Cellular Analysis of Autoantibody-Producing Plasma Cells From Patients With Immune Cytopenias
The secretion of antibodies by plasma cells is critical to fight infection and to establish long-term protective immunity. However, in autoimmune cytopenias, plasma cells produce antibodies that target select blood cell types, causing the body to mistakenly attack and destroy the blood cells. The "bad" plasma cells are difficult to study; they are thought to live in the bone marrow, which makes them hard to access, and they do not live well in laboratory culture conditions.
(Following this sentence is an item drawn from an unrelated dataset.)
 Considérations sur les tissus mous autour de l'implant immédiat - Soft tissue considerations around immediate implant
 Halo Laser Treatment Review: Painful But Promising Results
Dr. Go recently established an autoimmune cytopenia repository for the procurement of biological and clinical data for studies of immune-mediated disorders. In addition, Dr. Medina and Dr. Stegall have developed an in vitro plasma cell-stromal cell co-culture model that allows researchers to maintain human plasma cells in culture for an extended period of time.
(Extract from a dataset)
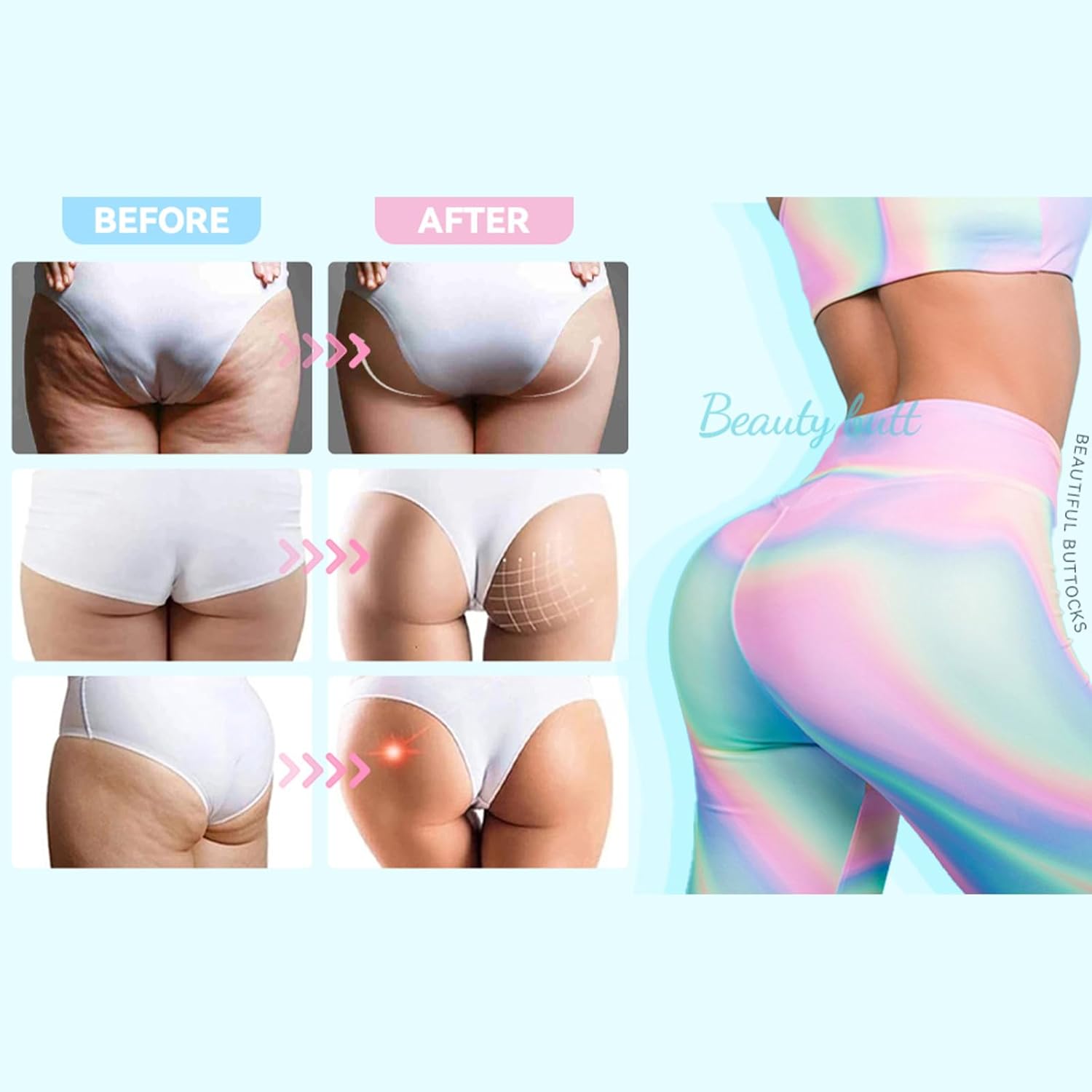 Ventosas de Vacío Yofuly XL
The specific aim of this project is to use Dr. Medina and Dr. Stegall's co-culture model to analyze samples obtained from Dr. Go's autoimmune cytopenia repository. The collaboration will improve understanding of the biology of autoantibody-producing plasma cells in patients with autoimmune cytopenias.
Impact on patient care
Autoimmune cytopenias are relatively rare, affecting fewer than 200,000 people in the U.S., and treatments are limited. Patients who are resistant to first line therapy are at risk of life-threatening bleeding (immune thrombocytopenic purpura), anemia (autoimmune hemolytic anemia) or systemic infections (autoimmune neutropenia). For some autoimmune cytopenias, treatment of relapse or refractory cases is particularly challenging.
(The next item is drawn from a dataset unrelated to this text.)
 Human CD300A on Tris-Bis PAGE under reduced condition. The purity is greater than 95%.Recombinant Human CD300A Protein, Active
In addition, patients with chronic lymphocytic leukemia frequently have complications involving immune thrombocytopenic purpura or autoimmune hemolytic anemia. To address this aspect, Drs. Medina and Go met with Neil E. Kay, M.D., a clinician-researcher focused on this disease. According to Dr. Kay, autoimmune processes in patients with chronic lymphocytic leukemia are legendarily difficult, and autoimmune cytopenias are a major issue.
Through its research in the Center for Immunology and Immune Therapies, the team aims to develop treatments to eradicate autoantibody-producing plasma cells, or alternatively, to identify and characterize the antibodies that mediate the disease. The project has the unique potential to improve care and outcomes not only for patients with autoimmune diseases but also for patients with leukemia.
These discoveries and advances were made through the generous support of the Landow Family Fund.